By Abdelraouf Arnaout
JERUSALEM (AA) – Two Israelis were killed and five others injured in a rocket attack from Lebanon on Wednesday, according to Israeli authorities.
Israel’s emergency service Magen David Adom said a man and woman in their forties were pronounced dead after sustaining critical injuries from rocket strikes on Kiryat Shmona in northern Israel.
The Israeli army confirmed that 20 rockets were fired from Lebanon toward Kiryat Shmona with air-raid siren sounding in the area.
A military statement said 40 more rockets were launched from Lebanon into northern Israel, injuring five people in Haifa and causing power outages in parts of Kiryat Bialik.

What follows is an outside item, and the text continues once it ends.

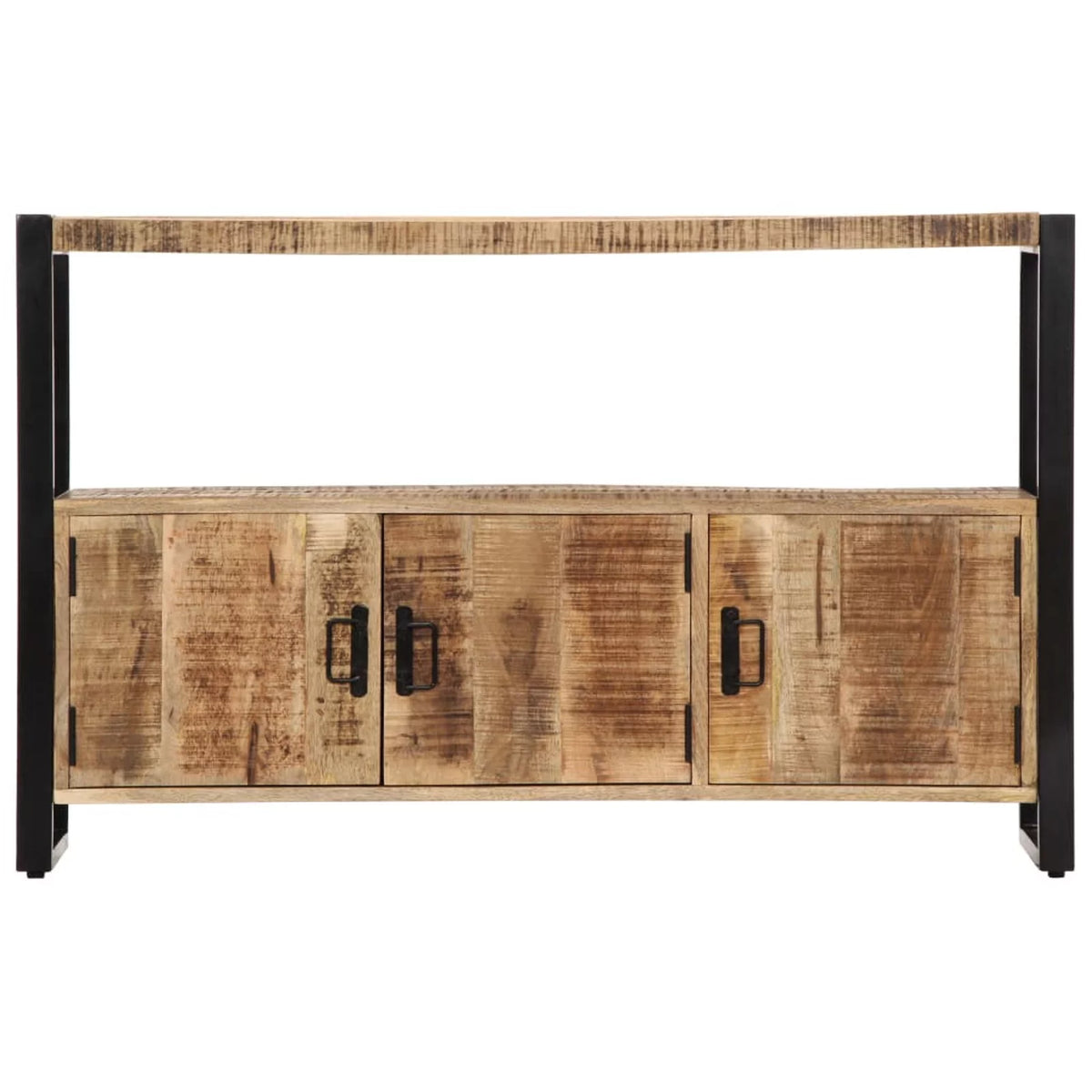 Solid Mango Wood Side Cabinet N880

The army said some of the projectiles were intercepted, while others landed in the Upper Galilee and Haifa Bay areas.
Videos circulating on social media showed rockets falling in Haifa and nearby regions.

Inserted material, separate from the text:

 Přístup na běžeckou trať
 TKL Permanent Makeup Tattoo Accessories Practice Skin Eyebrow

Lebanese group Hezbollah, for its part, claimed responsibility for the rocket fire, saying the attacks targeted a deployment of Israeli forces in northern Israel.
The group also said that it thwarted infiltration attempts by Israeli ground forces in border towns in southern Lebanon. The Israeli military acknowledged that three of its soldiers were seriously injured in clashes.
Israel has mounted massive airstrikes across Lebanon against what it claims Hezbollah targets since Sept. 23, killing more than 1,250 people, injuring 3,618 others, and displacing more than 1.2 million people.
The aerial campaign was an escalation in yearlong cross-border warfare between Israel and Hezbollah since the start of Tel Aviv’s brutal offensive on the Gaza Strip that has killed nearly 42,000 people, mostly women and children, since a Hamas attack last year.
At least 2,119 people have since been killed and 10,019 others injured in Israeli attacks in Lebanon, according to Lebanese authorities.
Despite international warnings that the Middle East region was on the brink of a regional war amid Israel’s relentless attacks on Gaza and Lebanon, Tel Aviv expanded the conflict by launching on Oct. 1 a ground invasion into southern Lebanon.